Vladimir Parshikov, Chief of Russian Translation at the United Nations’ Geneva Office, recently visited Modern Languages & Cultures to deliver a presentation to staff and students on working as a translator for the United Nations. The presentation and the discussion that followed outlined the conditions of service for UN translators and provided helpful tips on the kinds of skills sought among suitable candidates, including advice on undertaking summer internships at one of the UN’s eight international offices.
Mr Parshivok – a lifelong Beatles fan – graduated from Moscow State Institute of International Relations in1978 and in 1979 completed the UN Language Training Course in Moscow, after which he was assigned to work as a junior translator at the United Nations Headquarters in New York. At the age of 25 he became the youngest senior translator in UN history.
UN translators and revisers are the cream of the crop in translation. If you decide to become a translator, why not aim for the top?
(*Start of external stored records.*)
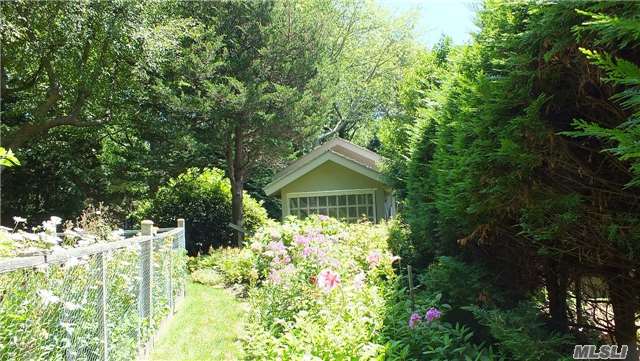 400 Windjammer Dr
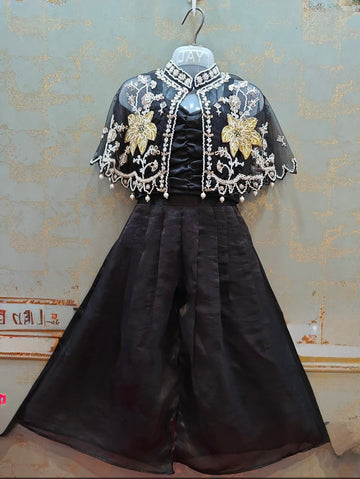 Black cape with pearls grand palazzo set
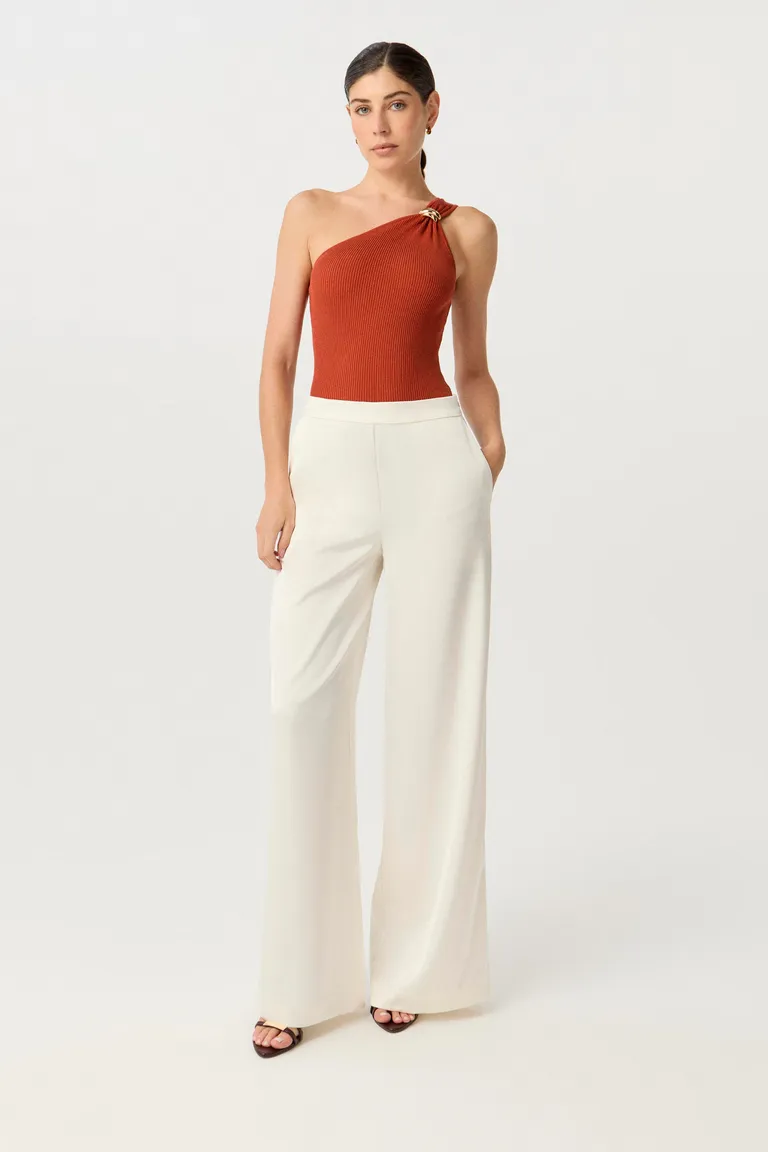 Top Asimétrico de Un Hombro en Color Rojo de Markova en Tops para argentina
Speaking about the rewards of his, Mr Parshikov noted that a career at the United Nations is a constant challenge in itself. He argued that the key to success is continuous training and self-education, and there are lots of possibilities for this offered by the UN. In terms of advice to potential translators, Mr Parshikov urged aspiring linguists never to feel that they already know everything but instead they should always try to learn something new. This, he argued, would lead to rewards – both psychological and material. Conditions of service for international staff at the UN are at least comparable, and in most cases are superior, to any of the best-paid civil services in the world.
Mr Parshikov’s PowerPoint presentation on translating for the United Nations has been made available to staff and students at the University of Liverpool; it is available through the School’s Academic Lead for Outreach, Dr Şizen Yiacoup.